The commands_restricted permission property allows you to define restrictions for command execution. To set up command restrictions, follow the steps below:

  1. Create or update a user group with the commands: true permission.
  2. Add the commands_restricted property to the user group’s permissions object, defining the allowed and denied commands.

Two layers of command restrictions

RPort comes with two layers of command restrictions

  1. Client side rules After a command is dispatched, the client validates it against allowed and denied regular expressions.
    The server cannot leverage this validation. Client side rules are per client. They cannot be changed from the server. You cannot create user or user group specific rules.
  2. Server side rules These rules are implemented on the API. They prevent dispatching commands to the client based on user groups.
    If server side rules allow the execution of a specific command, client side rules may still deny it.
    Server side rules are per user group. They are combined with client access permissions.
    To execute a command on a client the user group first needs client access permissions. Furthermore, command execution
    must be allowed and the command must pass the extended command permission check.

Example

The following JSON structure provides an example of the commands_restricted property and its available options:

{
  "commands_restricted": {
    "allow": ["^sudo reboot$", "^systemctl .* restart$"],
    "deny": ["^systemctl apache2", "ssh"],
    "is_sudo": false
  }
}

Extended permissions are submitted via a PUT request to the /api/v1/user-groups/{group-name} endpoint.

Example payload:

{
  "permissions": {
    "auditlog": false,
    "commands": true,
    "monitoring": false,
    "scheduler": false,
    "scripts": false,
    "tunnels": false,
    "uploads": false,
    "vault": false
  },
  "commands_restricted": {
    "allow": [
      "^sudo reboot$",
      "^systemctl .* restart$"
    ],
    "deny": [
      "^systemctl apache2",
      "ssh"
    ]
  }
}

Breakdown of each property in the example above

  1. allow: Specifies the allowed commands for the user group.
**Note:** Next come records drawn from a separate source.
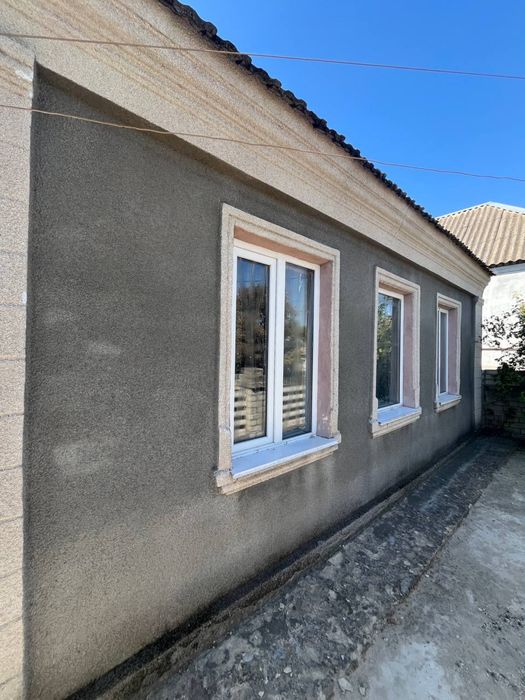 Продаю 3 комнатний дом ( Центр ) Терновка ( Топ место) ID-145745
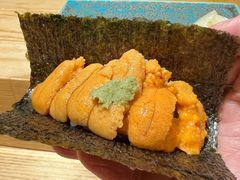 -镹·鱼料理  国产鱼使用店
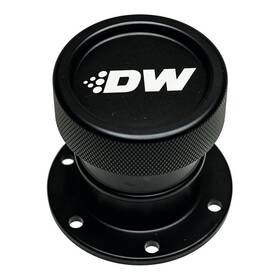 6-03-fst-straight Deatschwerks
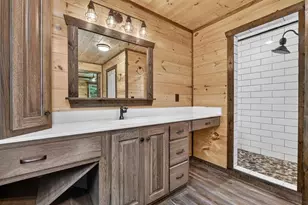 3347 Hwy 52 E, Ellijay, GA 30536 - Photo 19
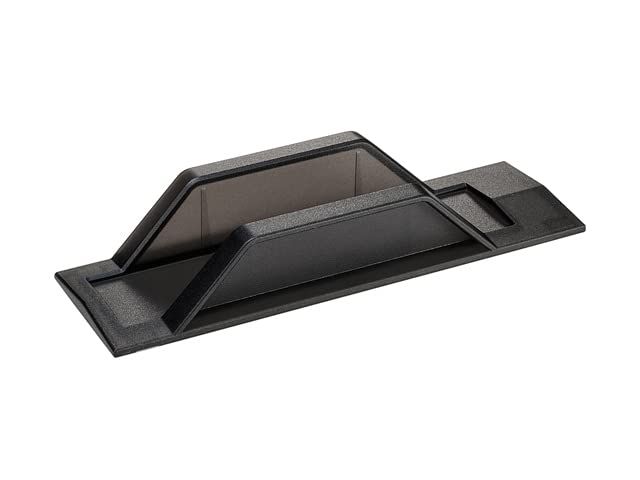 テレビ録画用ハードディスク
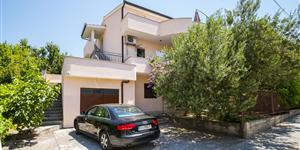 Apartment - Solin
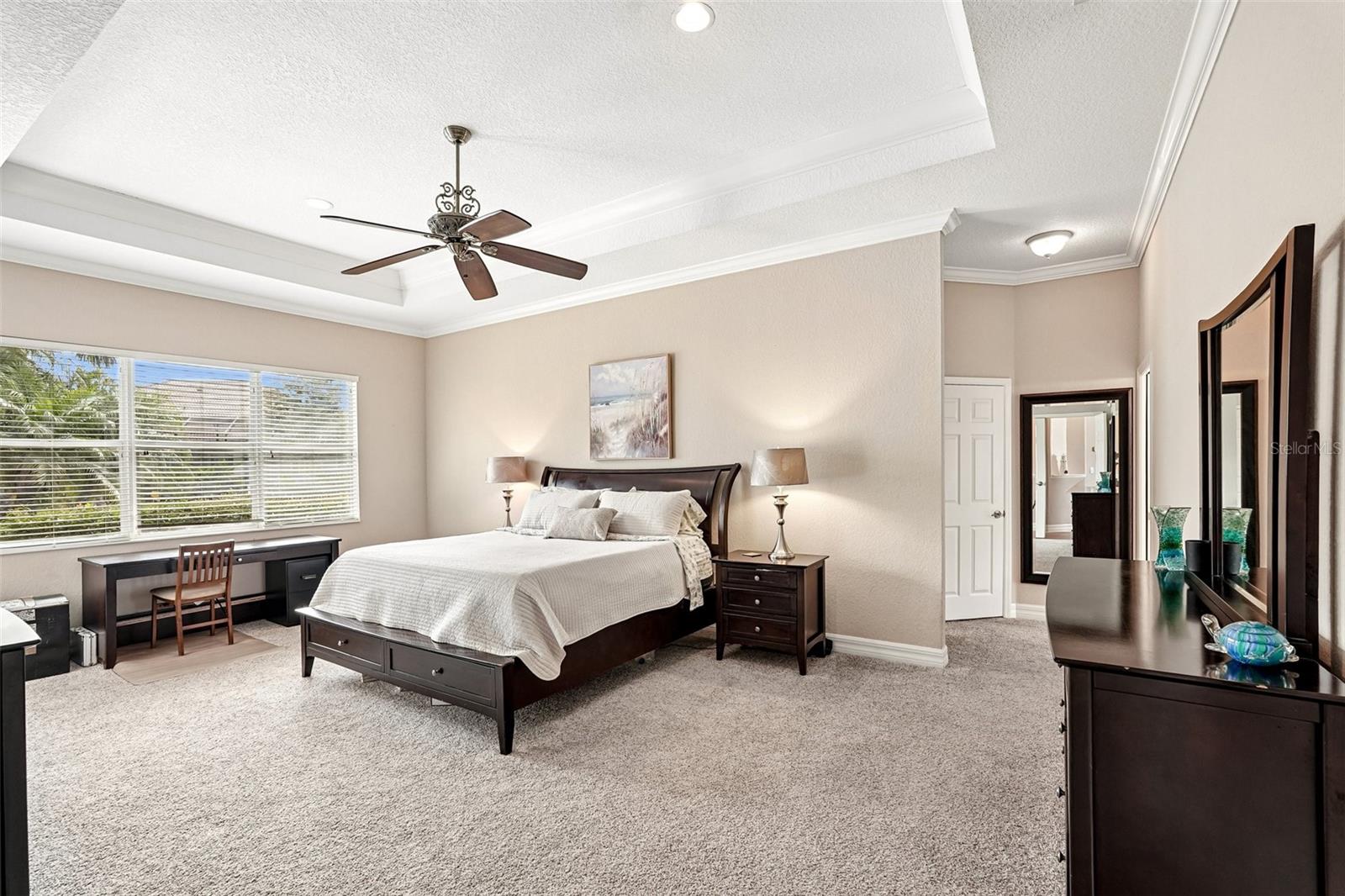 6615 BUTLERS CREST DR — photo 14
In the example above, the user group can execute the “sudo reboot” and any command that starts with “systemctl” and ends with “restart”.
  2. deny: Specifies the denied commands for the user group. In the example above, the user group cannot execute commands that start with “systemctl apache2” and commands that contains the string “ssh”.
  3. the global is_sudo switch parameter is disabled. The user group can still prefix commands with “sudo” if the “sudo” keyword is allowed.
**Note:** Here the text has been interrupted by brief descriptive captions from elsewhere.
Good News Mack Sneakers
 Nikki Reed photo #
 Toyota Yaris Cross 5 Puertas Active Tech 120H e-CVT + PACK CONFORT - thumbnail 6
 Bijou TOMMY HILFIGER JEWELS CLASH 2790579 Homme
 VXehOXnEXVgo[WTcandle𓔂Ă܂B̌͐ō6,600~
The above example will allow the user group to

  • reboot the machine
  • restart any service except the apache2 and the ssh service.

Omitting or using an empty list for the allow property allows any command to be used. If the deny property is missing or empty, the command is not validated against deny patterns.

Order deny, allow: Commands are first validated against the deny list, and only then against the allow list. That means that if a command is in both lists, it will be denied.

It’s important to note that a user could be part of multiple groups, each with its own set of command restrictions. The allow and deny arrays will be joined.
In this case, the user will be able to execute any command that is in its allow list in any of the groups it belongs to, and will not be able to execute any command that is in it’s deny list in any of the groups it belongs to.